Directly to my left is a copy of Alberto Manguel’s A History of Reading. Manguel covers all the little technologies and techniques we’ve developed over the centuries that make reading a beautiful, nuanced, and fulfilling thing. Imagine life without the technology of reading silently…
In many ways an anthology of the practice of reading, the book has made me think of the ways that I attempt to expand, contract, and shut-out the world via reading.
For example, perhaps my favorite passage thus far (read while freezing my ass off on the #24), is his description of the ways that we’ve come to accept the book as a type of outsourced memory. Historically, readers were taught not to mar books/scrolls/scripts with their doodles and notes as a way of marking what they found important.

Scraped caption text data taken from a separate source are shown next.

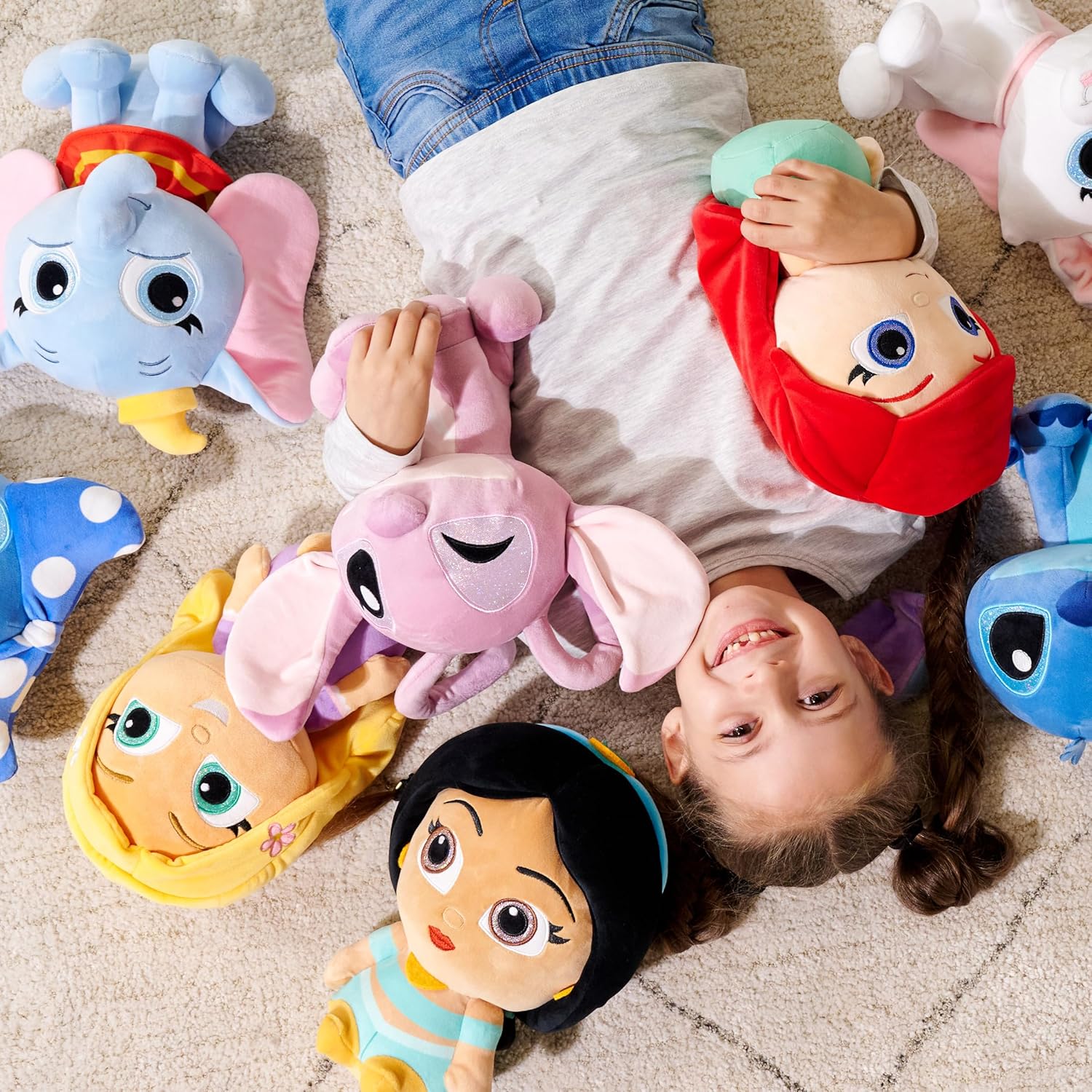 Angel Doorables Disney Official Snuggz Licenced Plush Toy - Medium size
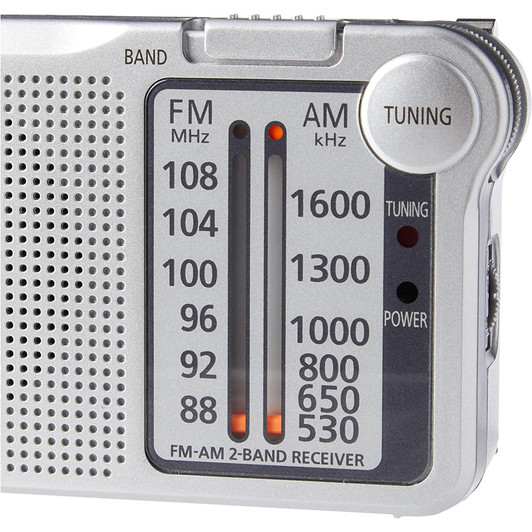 Panasonic RFP150DEG-S Portable AM/FM Radio - Silver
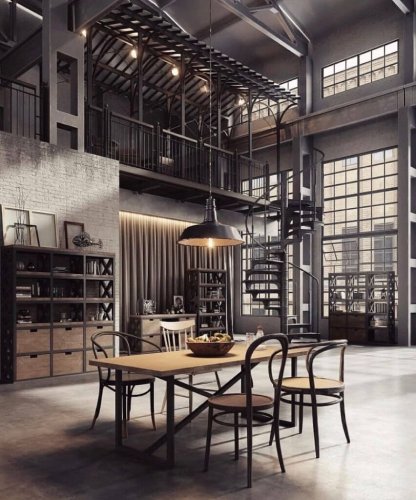 Industrial Style in Virtual Staging
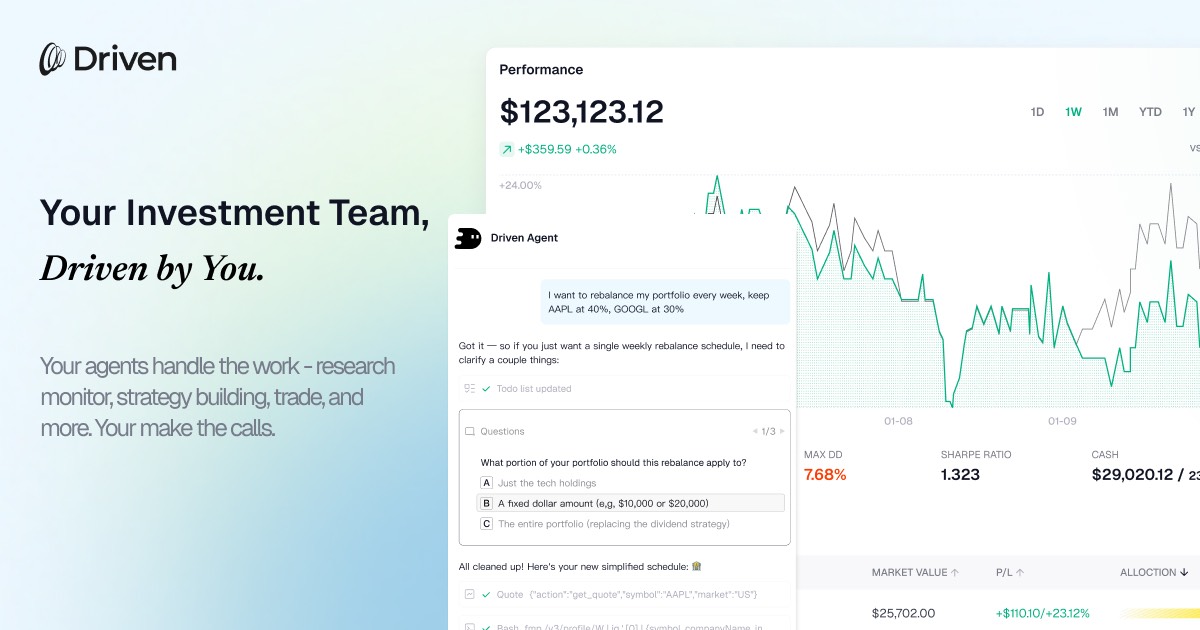 Driven homepage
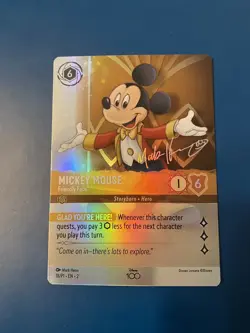 Disney 100 Lorcana Rise of the Floodborn MICKEY MOUSE D100 Promo Foil #18/P1 - Image 1
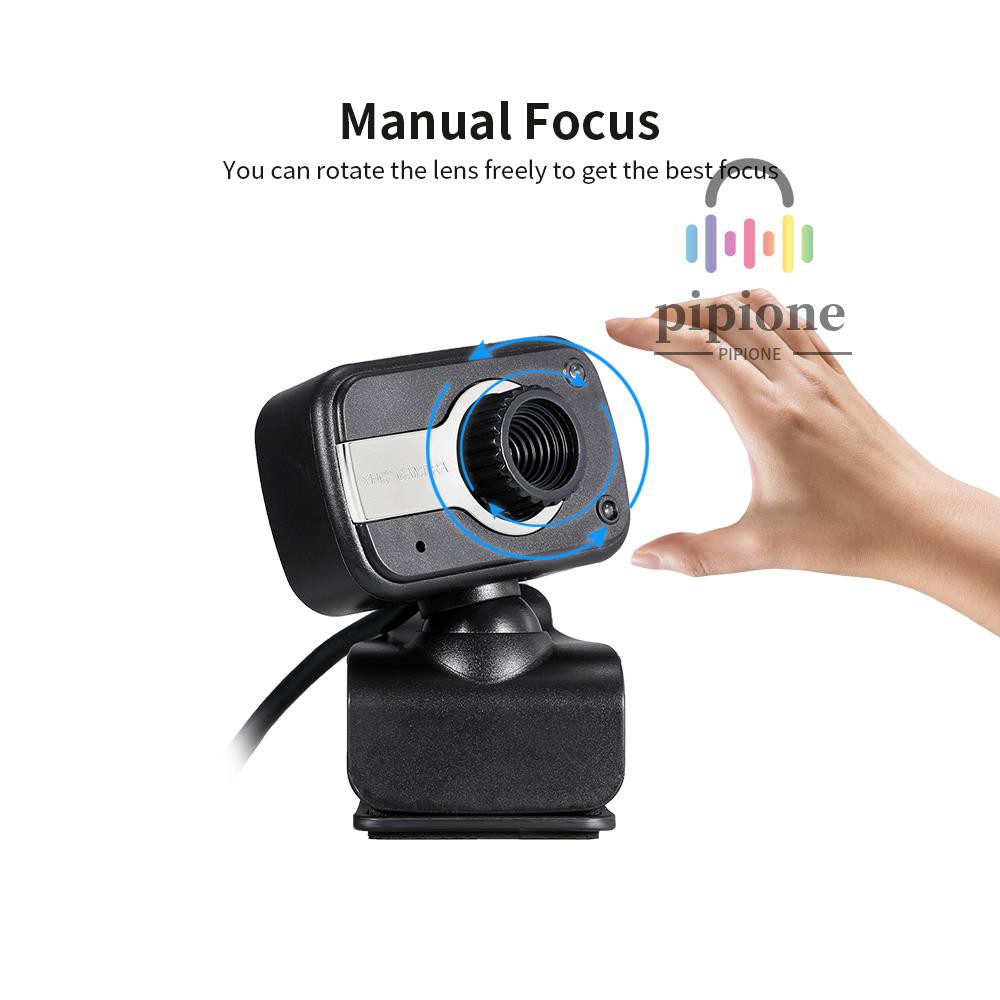 Webcam Usb 480p Kèm Đèn Led Cho Máy Tính | BigBuy360 - bigbuy360.vn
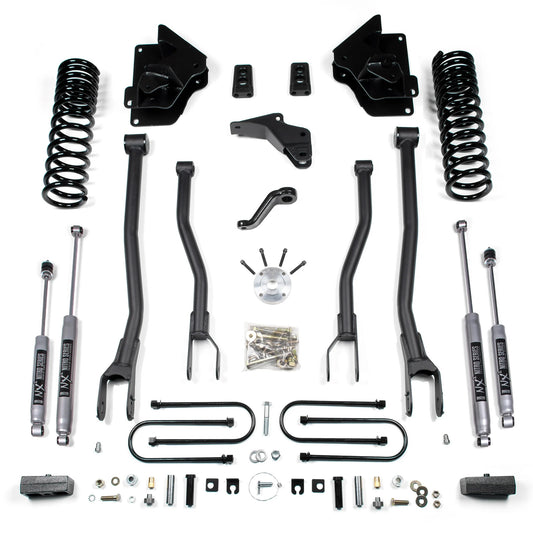 BDS 2013-2018 RAM 3500 4WD,DIESEL,4" 4-LINK LIFT,2" REAR BLOCK,NITRO SHOCKS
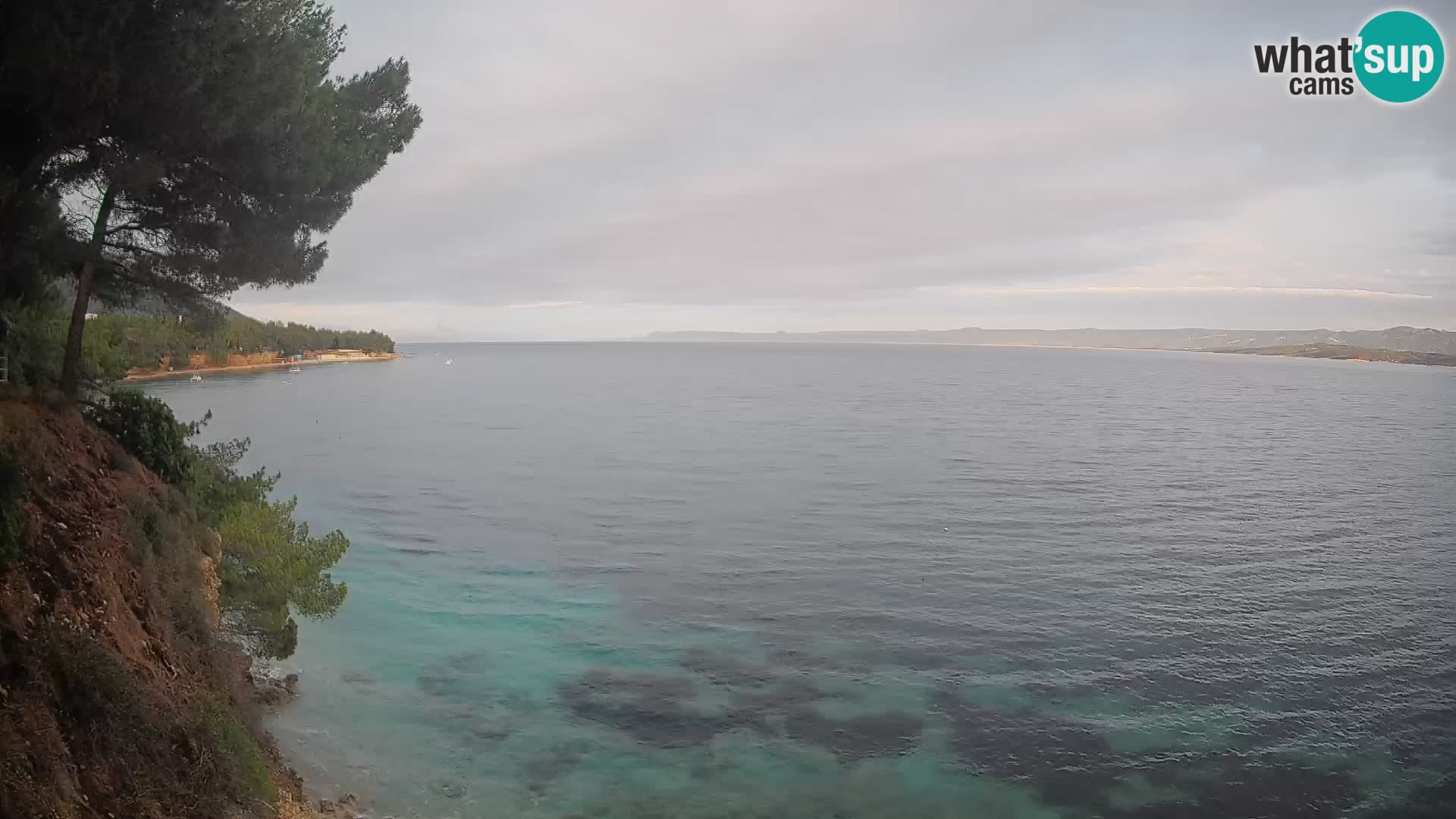 Webcam Spiaggia Potočine Bol – Vista live sulla spiaggia Borak, Isola di Brač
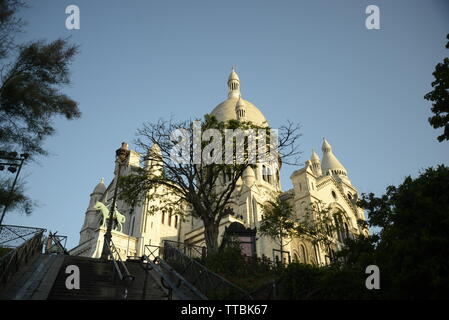 Escalade vers le Sacré-Cœur, pasakdek Banque D'Images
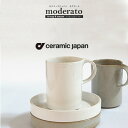 ceramic japan　moderato モデラート hi-cup & saucer ハイカップ＆ソーサー セット 200ml セラミック・ジャパン/カフェ/コーヒー/ブランチ/来客/陶器/磁器/荻野克彦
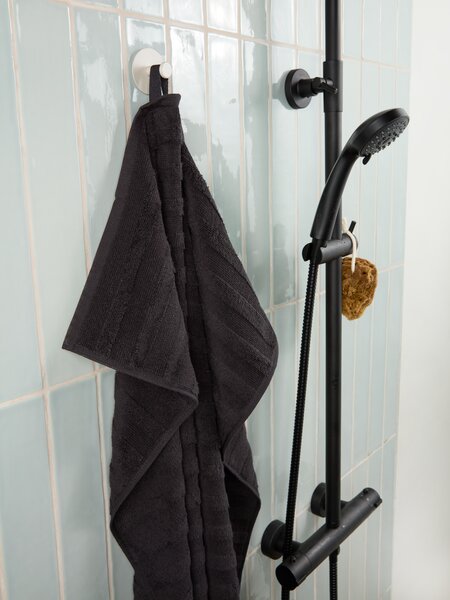 Badetuch TORSBY 65x130 schwarz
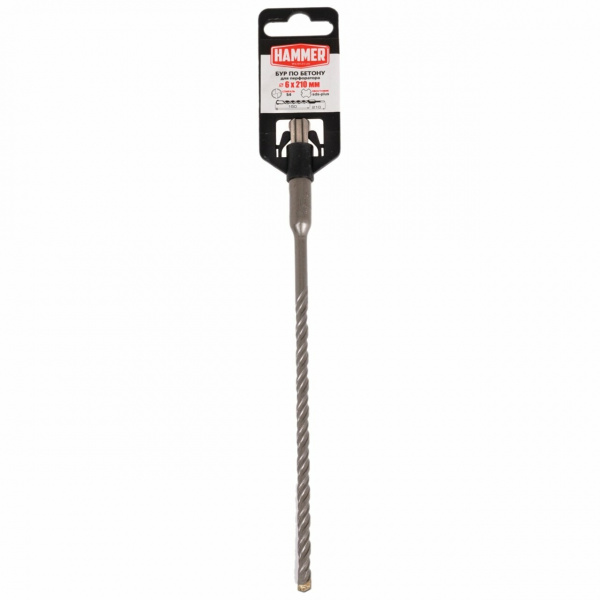 Бур Hammer Flex 201-109 SDS+  6 X 210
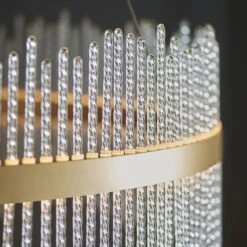 Anna Grand LED Halo Pendant In Gold -Perch & Parrow Home Sales Store en24020052 l2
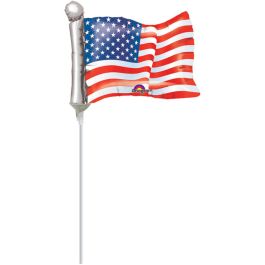 American Flag Foil Balloon - Patriotic Decoration - Image 1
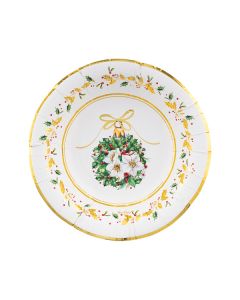 PIATTI FONDI MAGIA DEL NATALE 24CM PZ.8 64466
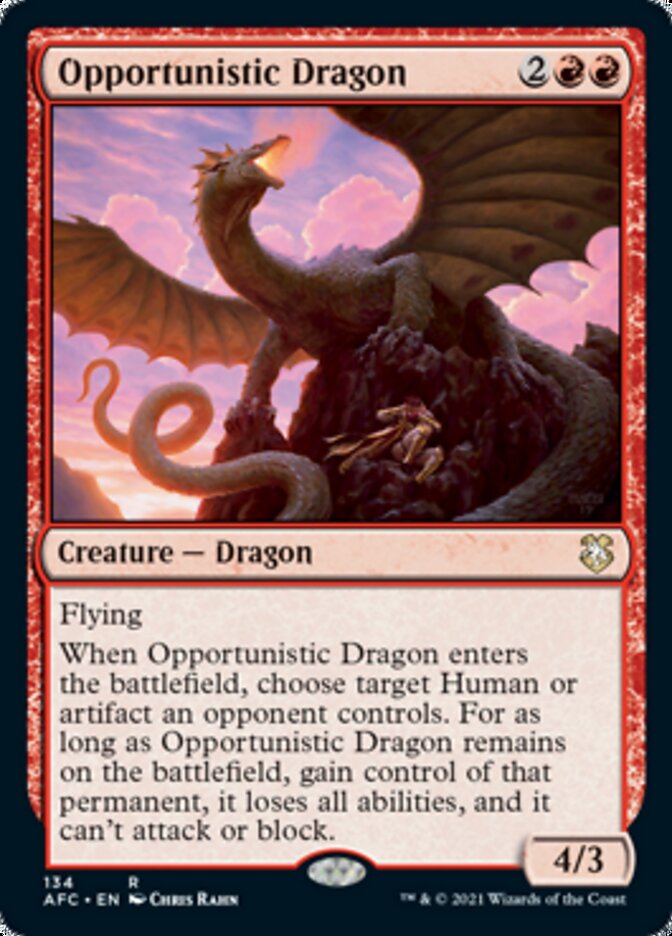 Opportunistic Dragon [Dungeons & Dragons: Adventures in the Forgotten Realms Commander] | Shuffle n Cut Hobbies & Games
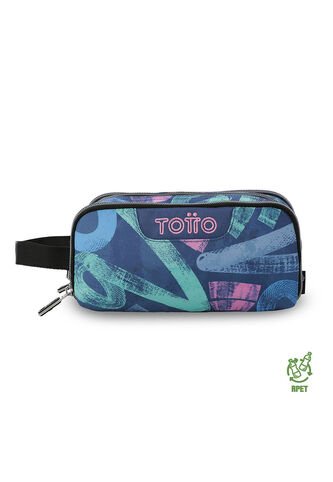 Cartuchera Multiuso Cinta Pro Mediana Azul Mujer Totto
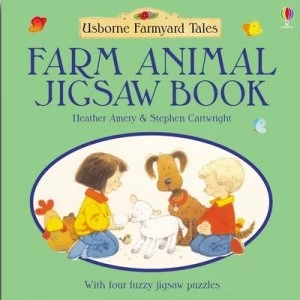 Image of Farm Animals Jigsaw Book by Heather Amery and Stephen Cartwright Paperback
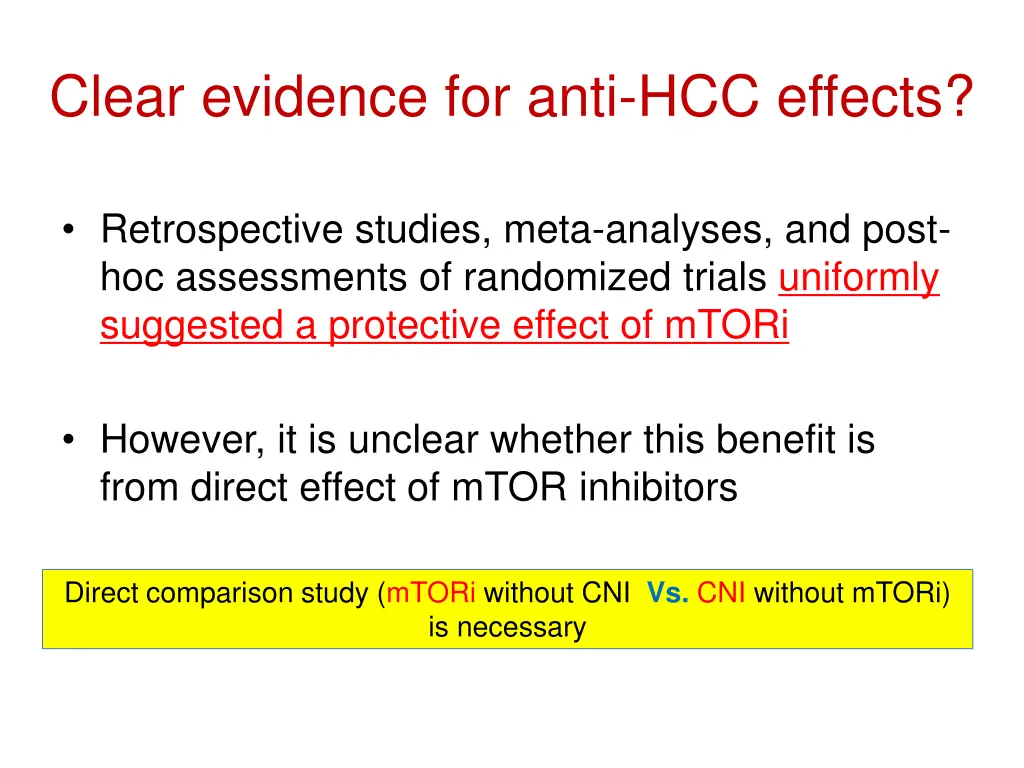 clear evidence for anti hcc effects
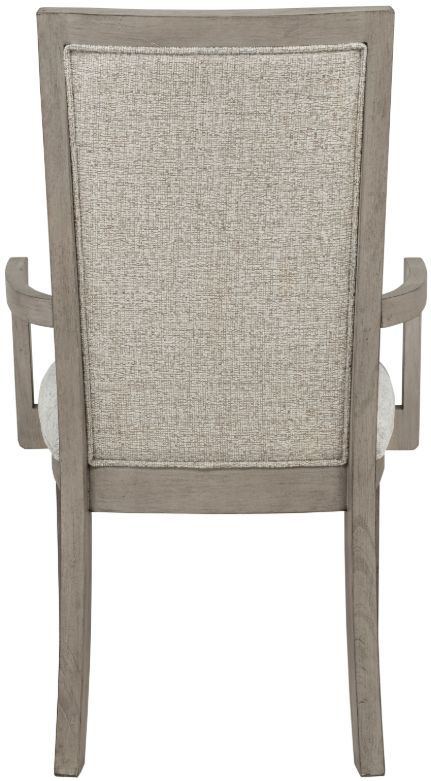 New Classic® Home Furnishings Mariana Gray/Vintage Creme Upholstered Arm Chair-4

Instead, those who read were encouraged to meditate on the shape, form, and spatial location of words on a page and then be able to recall information from that geographic knowledge.
Its all very beautiful, if impractical. Perhaps we’re being pushed back to this system with all of the “thought-mapping” and word-webbing software that is available. I’m trying to imagine my library at home as a spatial construction. Instead of all of my notes in sketchbooks, databases, and blogs – what if I could actually recall the geography, the physical place, of my acquired knowledge?
In a way this physical location of memories/ideas/knowlege still lingers on in my life: whenever anyone borrows a book from me, I feel a little physical loss… almost as though the weight of that knowlege is being removed from me.
Fun thoughts for a Tuesday…. imagine a world where human beings only have physical memories… where we have to possess the object in order to remember the actions associated with it.